The Italian gas market is the fourth most important in Europe, with consumption equal to approximately 67 billion cubic meters in 2015 and withdrawal peaks from the network of 340 million cubic meters per day. Of this amount, 90% is imported mainly from non-EU countries through cross-border methane pipelines and, to a minor extent, through LNG terminals. On some days of the year the difference between the gas available in the network and the gas consumed by end users is particularly high and the gas storages currently in operation in Italy only staisfy about one third of the domestic consumption.

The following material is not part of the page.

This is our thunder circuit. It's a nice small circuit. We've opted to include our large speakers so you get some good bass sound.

In fact, as estimated by the competent authorities (Ministry of Economic Development and the Italian Regulatory Authority for Electricity Gas and Water), Italy lacks a daily withdrawal capacity of 65 billion cubic meters of gas per day. In addition, consumption will amount to between 65 and 75 billion cubic meters per year by 2030 (Source: ENTSOG, Ten Year Network Development Plan, 2016), of which approximately 48% is attributable to residential consumption, 30% to industrial consumption and 22% to consumption for the production of electricity (Source: IGS elaboration of SNAM S.p.A data).

This capacity deficit has to be filled in order to ensure the functionality and security of the energy supply system without resorting to emergency measures, as occurred in 2006, 2010 and 2012.

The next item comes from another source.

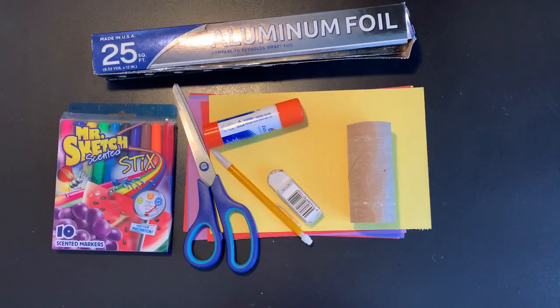Hi everyone, it's Miss Rossi. Today we're going to make a rocket ship out of a toilet paper tube.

The Ital Gas Storage facility can give a considerable and strategic support to the procurement system, with a contribution that can bridge 20% of the gap.

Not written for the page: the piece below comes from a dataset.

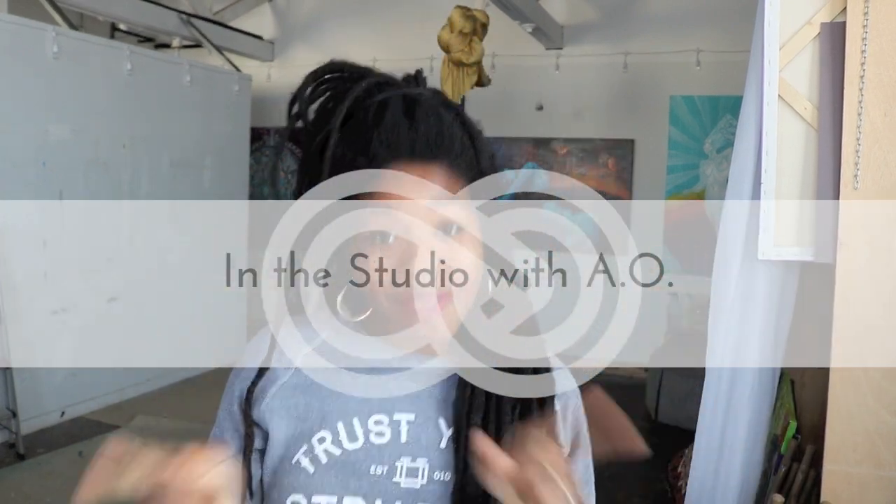Hey, hey y'all. Welcome back to the studio. I'm Aramis Hamer, a large-scale acrylic artist who is inspired by black girl magic, hip-hop, and all things astrology. Today what we are working on is more black girl magic. Some of you all know that I'm working on a zodiac series where I'm painting all 12 of the astrological signs.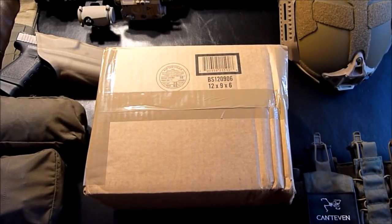Hey guys, this is going to be my first unboxing of 2018. I hope everybody had a safe New Year's Eve and I wish you all a very happy new year. So let's get started.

In an evolutionary scenario in Europe, Italy could play an important role in intercepting the new gas transit channels from South to Central and North Europe (reverse flow) and become the Mediterranean gas hub, with positive effects for all of Italy. In fact, the Cornegliano Laudense site will be connected to a very important gas junction where the main Italian and European gas pipelines merge, therefore contributing to the realisation of an Italian gas hub for Southern Europe.